- **Task item**: Find "Close-up of appetizing" below and begin at its line; stop after the line with "low section of". Output those lines exactly, without pictures.

- **Records provided**:
================
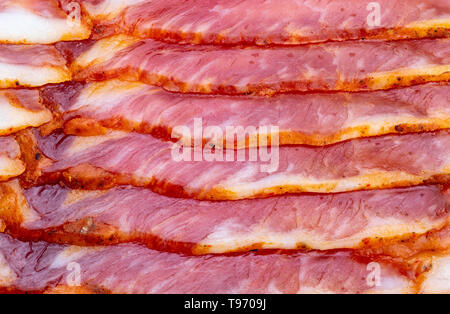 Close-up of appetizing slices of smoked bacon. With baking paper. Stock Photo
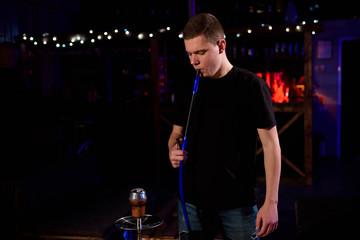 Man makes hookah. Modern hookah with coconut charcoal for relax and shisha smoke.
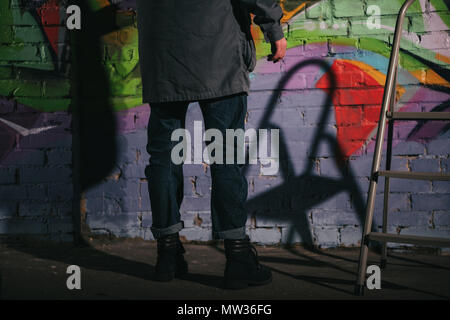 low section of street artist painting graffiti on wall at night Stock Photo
================
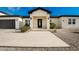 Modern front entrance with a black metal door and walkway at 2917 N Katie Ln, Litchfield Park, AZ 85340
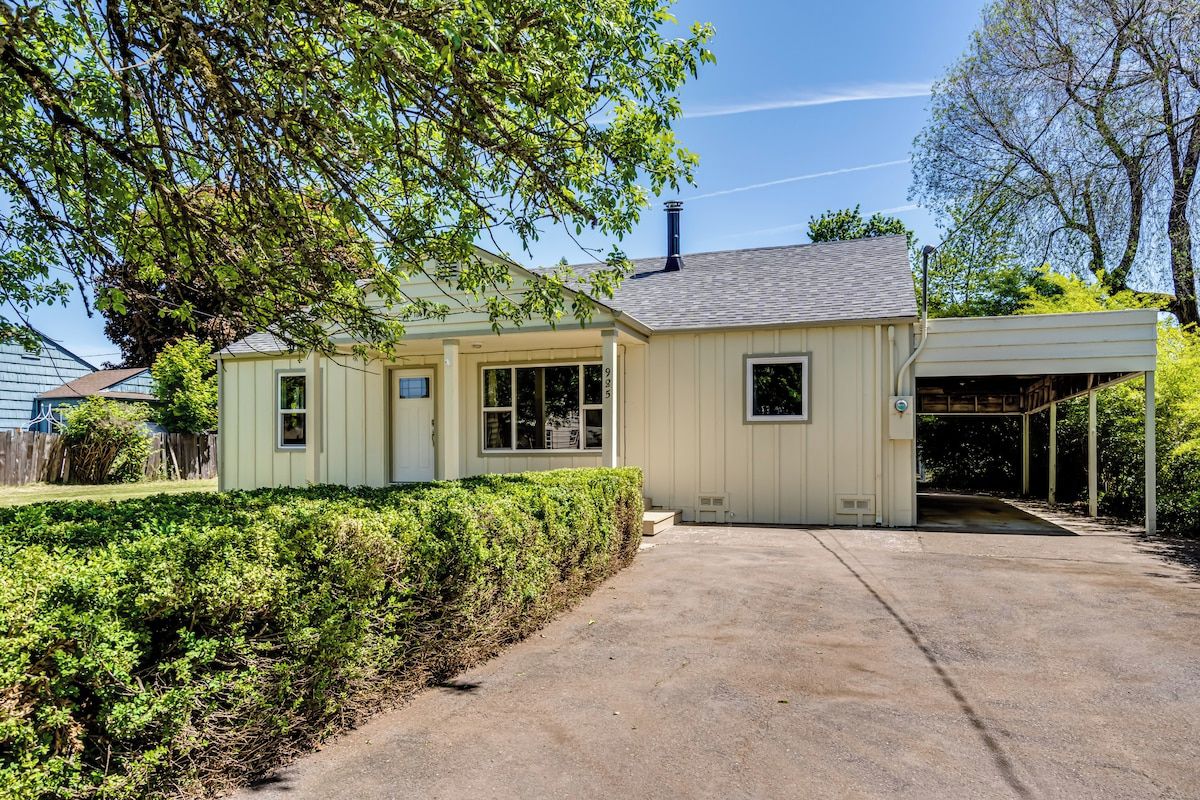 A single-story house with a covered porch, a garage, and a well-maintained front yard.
================
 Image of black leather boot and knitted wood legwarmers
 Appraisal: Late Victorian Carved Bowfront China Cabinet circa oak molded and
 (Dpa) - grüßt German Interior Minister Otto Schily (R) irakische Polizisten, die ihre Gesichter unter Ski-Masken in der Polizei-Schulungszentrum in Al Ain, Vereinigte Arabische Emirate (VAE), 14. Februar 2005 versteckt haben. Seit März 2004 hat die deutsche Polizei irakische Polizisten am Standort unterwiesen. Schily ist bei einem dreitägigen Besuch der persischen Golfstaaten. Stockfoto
================
- **Response**:
 Close-up of appetizing slices of smoked bacon. With baking paper. Stock Photo
 Man makes hookah. Modern hookah with coconut charcoal for relax and shisha smoke.
 low section of street artist painting graffiti on wall at night Stock Photo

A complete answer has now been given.